A while back, one dairy industry leader asked me “Could we not have two tiers of margin insurance – one very subsidized and coupled with the stabilization program, and another that is not linked to the supply management, but not nearly as subsidized?” Another comment I received last week after my blog post on lessons from crop insurance for dairy programs was why one of the lessons would not be that insurance and supply controls should not be linked.
I found both questions very intriguing, and decided to modify at the last moment my slides for the 4-State Dairy Nutrition and Management Conference, held earlier this week in Dubuque, IA. I pursued the analysis from a vantage point of Farm bill Title I vs Title XI. “Title I – Commodities” deals with measures with substantial government involvement, such as price floors (marketing loans), sugar and dairy programs. Although we like to think of Dairy Producer Margin Protection Program as an insurance program, insurance programs are really subject of Title XI – Crop Insurance. As I wrote in my earlier blog, DPMPP is in fact a hybrid between a crop insurance and a countercyclical income support instrument, because it is designed to have implied pro-cyclical subsidies. LGM-Dairy, on the other hand, is located in Title XI, and like other programs in that title, it ties the insurable revenue to expected market conditions.

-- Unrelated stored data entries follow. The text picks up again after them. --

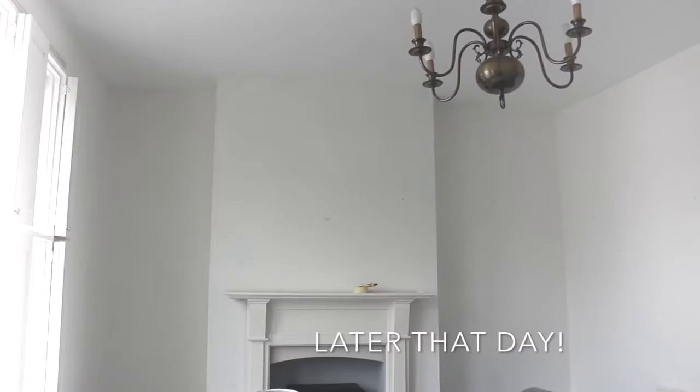Hi guys, hope you're all well. Welcome back to my channel. I'm here today to show you how to paint a room in a day. I'm going to be painting my lounge and showing you all of my little tips and tricks in order to get the painting done really quickly and efficiently.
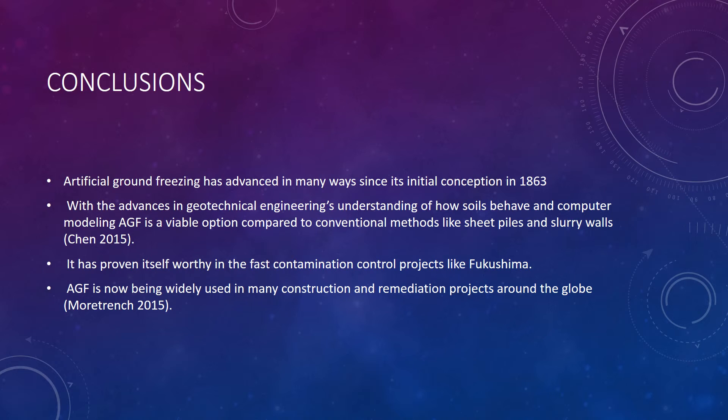Artificial ground freezing has advanced in many ways since its initial conception in 1863. With the advances in geotechnical engineering's understanding of how soils behave and computer modeling, AGF is a viable option compared to conventional methods like sheet piles and slurry walls. It has proven itself worthy in fast contamination control projects like Fukushima. AGF is now being widely used in many construction and remediation projects around the globe. This concludes my presentation — I hope you found it informative. Have a wonderful day.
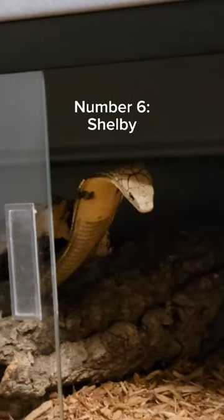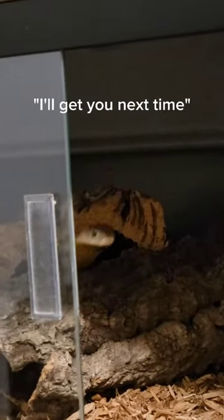At number 6, we have Shelby, my brand new King Cobra. I know she wants to get me.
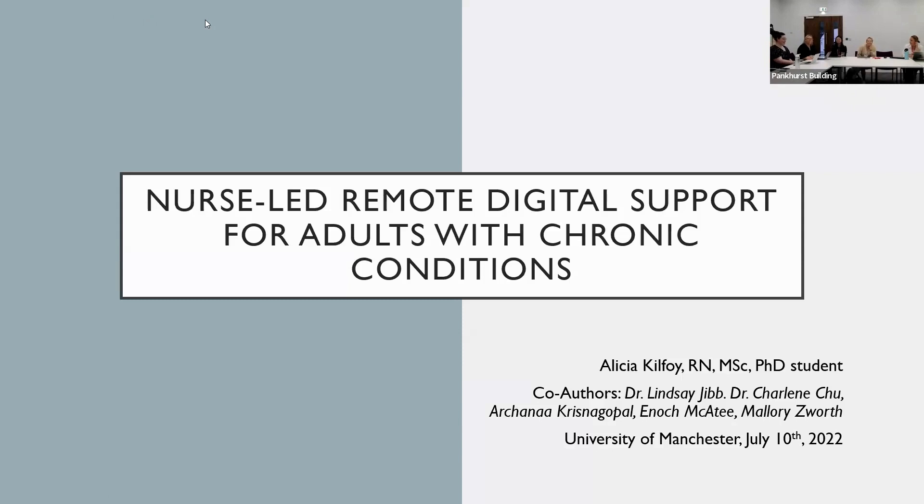Hi everyone, good afternoon, good morning, good evening, and welcome to this International Centre for Translational Digital Health Seminar. I'm delighted to welcome three collaborators from the University of Toronto: Alicia Kilfoy, Lindsay Jim, and Charlene Chiu. They're going to talk to you about various remote monitoring and virtual care topics.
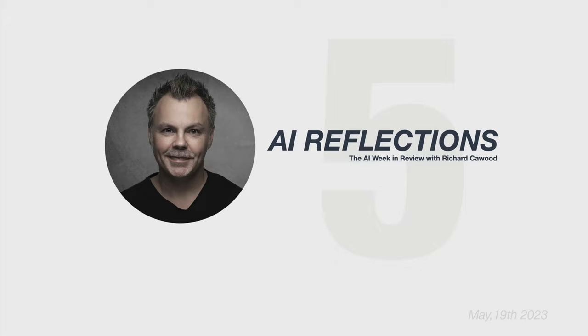Welcome back. Today we've got a quick-fire roundup of some great AI tools that might have slipped under your radar these past few months. So, buckle up, grab a cuppa, and let's dive right in.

As it currently stands, LGM-Dairy is of very limited use to dairy producers. While it has several important problems that should be addressed, likely the biggest obstacle is its intermittent availability. LGM-Dairy was continuously offered every month from Aug 2008 through Mar 2011. At that point, a combination of successful educational efforts and heavy subsidies have depleted the funds RMA had available for this pilot program. LGM was next offered in October and November 2011, and the only reason it was offered in November is that the RMA’s server crashed after 50 minutes of sales in October, so some subsidy money could not be spent at the first offer event in 2011/12 fiscal year. After 11/2011, LGM was not available until 10/2012. My research with John Newton, Cam Thraen and Brian Gould has identified what kind of policy profiles would work well to substantially reduce margin risk, but our recommendations require a program that is offered continuously, not once in a blue moon.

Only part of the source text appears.